> _To do_
When you reproduce the listing, keep every word as it is and drop the pictures.

-- Information provided follows --

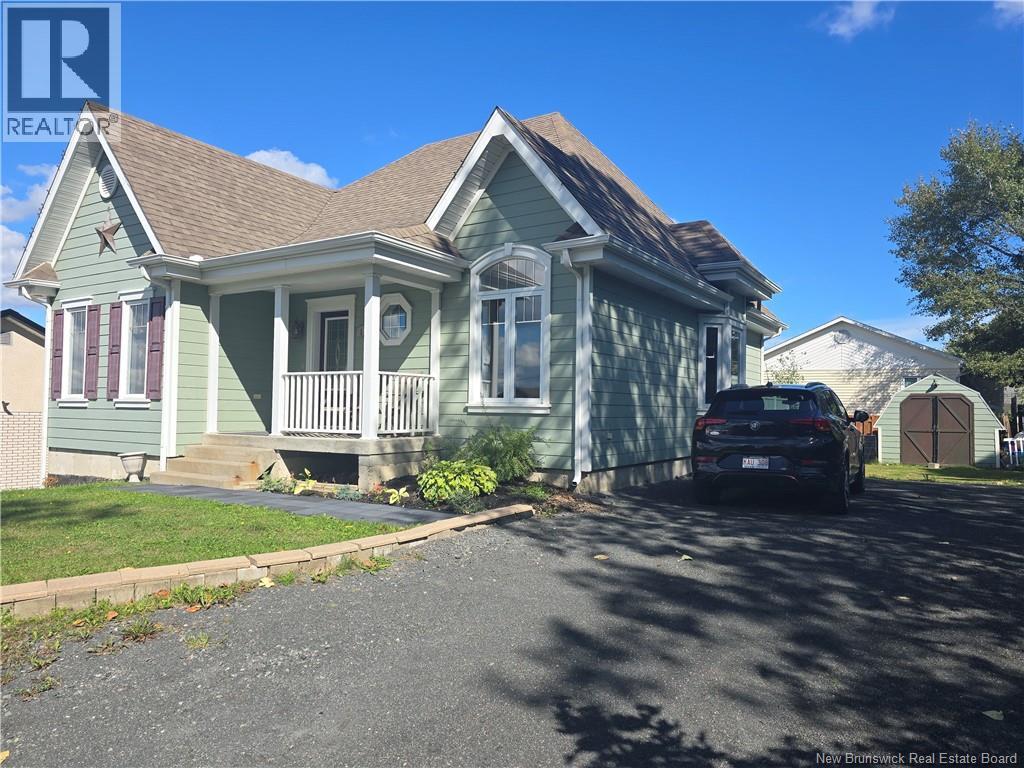 207 Bay Lane, Dalhousie, New Brunswick  E8C 1C7 - Photo 3 - NB126345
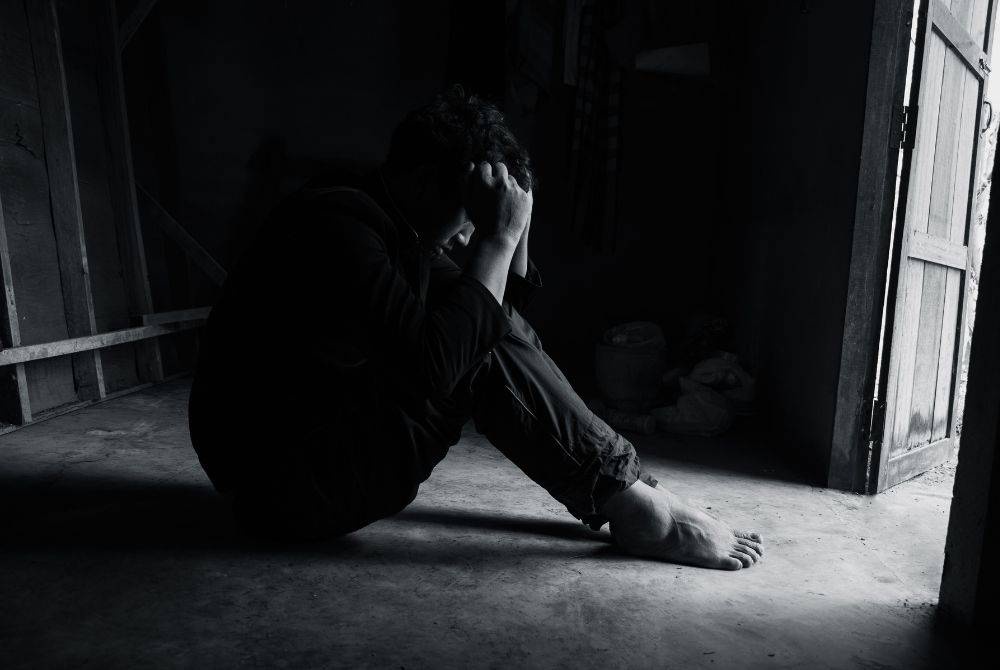 Image from: Sad or something more? Knowing when to seek help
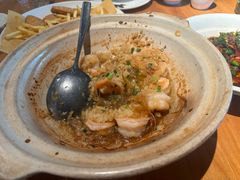 -黄山老妈·土菜(碧桂园店)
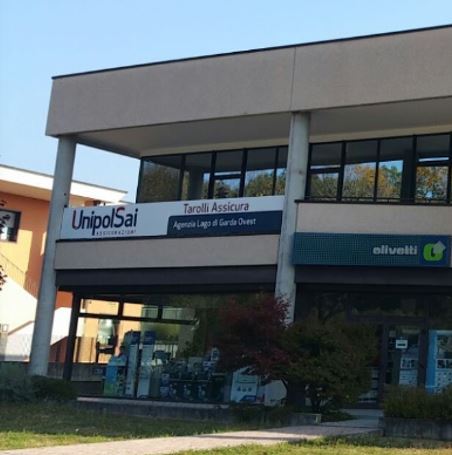 Images Unipolsai Assicurazioni  Tarolli & Partners  Srl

-- Information provided concluded --

> _Response_
 207 Bay Lane, Dalhousie, New Brunswick  E8C 1C7 - Photo 3 - NB126345
 Image from: Sad or something more? Knowing when to seek help
 -黄山老妈·土菜(碧桂园店)
 Images Unipolsai Assicurazioni  Tarolli & Partners  Srl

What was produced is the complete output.